Once the line containing "Women lace short-sleeved waist jumpsuit 3" is found in the entries below, restate it and each following line word for word, stopping after the line containing "Suction cup baskets".

+++ Data extracts +++

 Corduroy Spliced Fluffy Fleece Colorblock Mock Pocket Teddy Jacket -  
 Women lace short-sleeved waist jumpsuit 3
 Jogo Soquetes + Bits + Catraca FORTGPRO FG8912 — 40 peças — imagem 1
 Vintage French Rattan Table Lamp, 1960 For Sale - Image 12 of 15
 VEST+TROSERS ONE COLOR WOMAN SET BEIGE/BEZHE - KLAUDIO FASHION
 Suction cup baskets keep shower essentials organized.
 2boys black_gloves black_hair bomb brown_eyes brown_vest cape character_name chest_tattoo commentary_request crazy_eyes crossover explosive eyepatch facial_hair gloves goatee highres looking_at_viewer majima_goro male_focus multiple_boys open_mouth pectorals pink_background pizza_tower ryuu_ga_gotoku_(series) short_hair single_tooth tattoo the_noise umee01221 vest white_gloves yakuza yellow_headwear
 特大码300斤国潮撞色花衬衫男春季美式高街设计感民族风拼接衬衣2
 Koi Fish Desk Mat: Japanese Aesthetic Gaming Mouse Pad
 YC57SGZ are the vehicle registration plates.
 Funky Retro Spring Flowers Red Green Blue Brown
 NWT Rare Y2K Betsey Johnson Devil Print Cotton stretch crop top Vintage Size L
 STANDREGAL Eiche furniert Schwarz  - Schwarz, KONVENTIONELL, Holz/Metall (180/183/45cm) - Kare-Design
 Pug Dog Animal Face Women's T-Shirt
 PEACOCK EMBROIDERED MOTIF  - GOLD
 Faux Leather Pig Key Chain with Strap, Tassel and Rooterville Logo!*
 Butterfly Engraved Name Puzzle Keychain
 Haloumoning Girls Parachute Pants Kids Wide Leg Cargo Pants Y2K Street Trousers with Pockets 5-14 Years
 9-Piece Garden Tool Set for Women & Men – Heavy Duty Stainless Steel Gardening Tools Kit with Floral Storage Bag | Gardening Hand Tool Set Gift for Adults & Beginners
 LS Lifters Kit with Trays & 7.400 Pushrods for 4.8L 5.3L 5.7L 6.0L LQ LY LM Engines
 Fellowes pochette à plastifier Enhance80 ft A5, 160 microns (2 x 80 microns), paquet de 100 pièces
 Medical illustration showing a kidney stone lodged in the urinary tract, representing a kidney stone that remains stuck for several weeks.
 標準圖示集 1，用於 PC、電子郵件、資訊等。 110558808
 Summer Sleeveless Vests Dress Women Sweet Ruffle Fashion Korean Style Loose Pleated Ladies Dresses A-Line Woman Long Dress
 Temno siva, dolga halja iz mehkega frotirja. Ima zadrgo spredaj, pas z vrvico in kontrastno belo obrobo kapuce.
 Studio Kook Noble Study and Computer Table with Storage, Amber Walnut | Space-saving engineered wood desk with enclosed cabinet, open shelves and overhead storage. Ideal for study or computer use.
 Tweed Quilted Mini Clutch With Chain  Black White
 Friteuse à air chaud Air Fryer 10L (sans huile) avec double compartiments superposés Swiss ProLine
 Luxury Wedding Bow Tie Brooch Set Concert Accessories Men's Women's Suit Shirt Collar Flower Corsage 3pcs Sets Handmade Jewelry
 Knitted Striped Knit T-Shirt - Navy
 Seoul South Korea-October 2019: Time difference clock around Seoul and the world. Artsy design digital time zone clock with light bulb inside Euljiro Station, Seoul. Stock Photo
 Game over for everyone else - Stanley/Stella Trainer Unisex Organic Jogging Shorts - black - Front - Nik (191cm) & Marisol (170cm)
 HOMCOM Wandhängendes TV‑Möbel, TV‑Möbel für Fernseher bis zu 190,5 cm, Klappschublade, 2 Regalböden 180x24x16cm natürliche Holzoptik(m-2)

+++

#### Exercise answer:
 Women lace short-sleeved waist jumpsuit 3
 Jogo Soquetes + Bits + Catraca FORTGPRO FG8912 — 40 peças — imagem 1
 Vintage French Rattan Table Lamp, 1960 For Sale - Image 12 of 15
 VEST+TROSERS ONE COLOR WOMAN SET BEIGE/BEZHE - KLAUDIO FASHION
 Suction cup baskets keep shower essentials organized.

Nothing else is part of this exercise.